From Corsham, Ayres went on to teach at St Martin’s and Winchester. Not until 1981, a year after her fiftieth birthday, was she free to leave teaching and spend all of her days painting. Seizing the opportunity, she moved to Wales the same year and remained there until 1987. She then went to live in an obscure valley on the border between Devon and Cornwall, and remained there for the rest of her life. In one of her postmodern fairy stories, Ayres’s friend the novelist Angela Carter evoked a place of comparable magic and isolation.
The clearing was cluttered with dead leaves, some the colour of honey, some the colour of cinders, some the colour of earth. [...] The brown light of the end of the day drained into the moist, heavy earth; all silent, all still and the cool smell of night coming. The first drops of rain fell. In the wood, no shelter but his cottage.

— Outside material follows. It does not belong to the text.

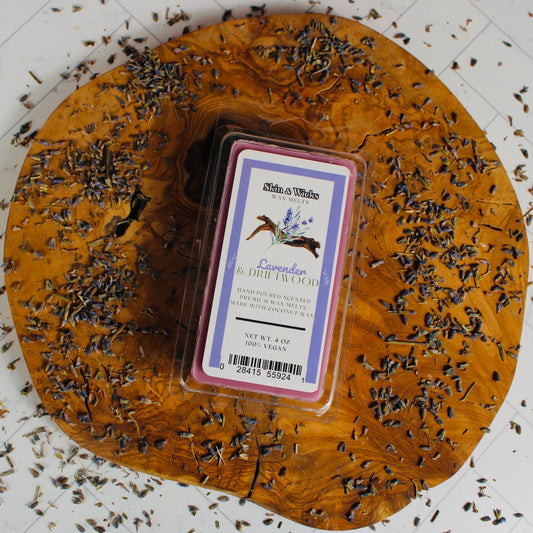 Lavender & Driftwood Wax Melts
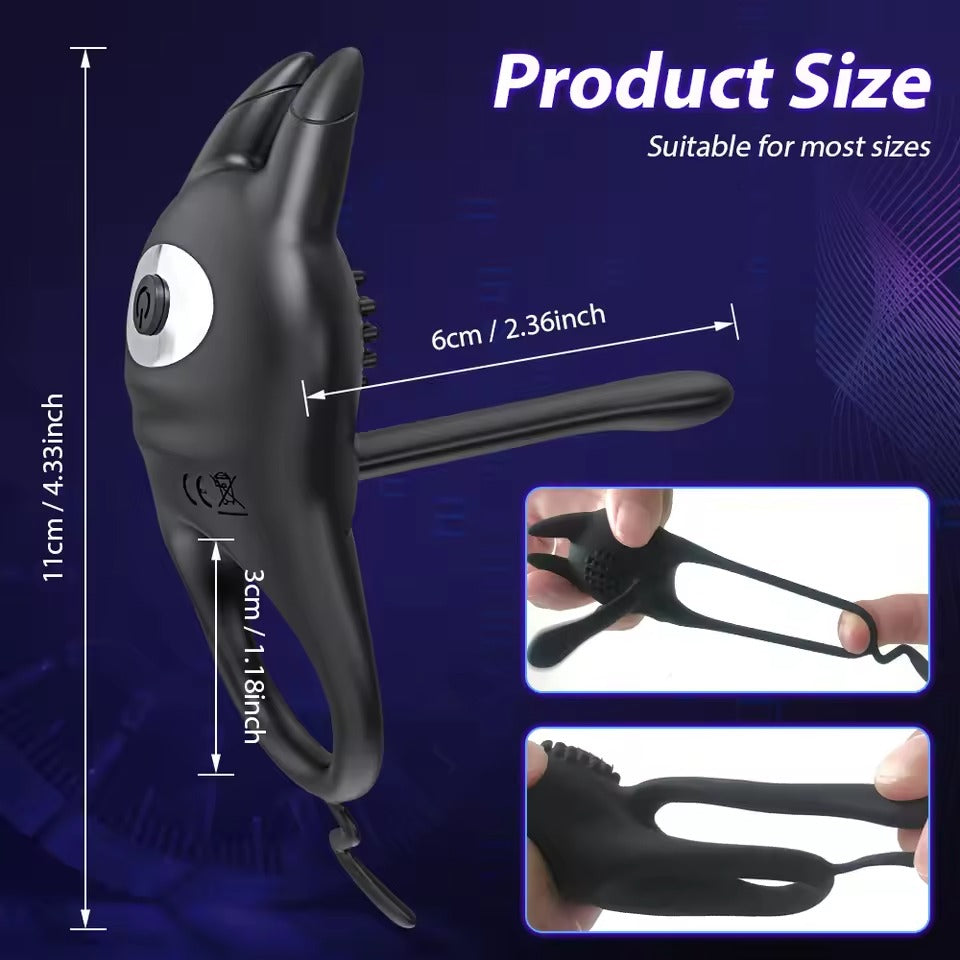 Penis Ring Cock Stimulator Enhancement Lasting Ejaculation Rings for Couples Erotic Sex Ring Adult Toy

The secluded settings in Wales and Cornwall were not incidental to Ayres’s work. Speaking to Mel Gooding in 2000 about an unintended response to landscape, she said ‘I don’t know how these things enter my work… they can put you on a high perhaps. […] I don’t mind if things get into me.’ Though she was reticent to explain how her surroundings affected her paintings, a loose connection evidently existed between the two. In other respects, her rural home in Cornwall certainly had more practical implications. Living at the end of a steep track shrouded by dense woodland, her paintings had to be carried by hand to the main road ahead of her London exhibitions, since the couriers’ lorry was often too large to attempt the drive.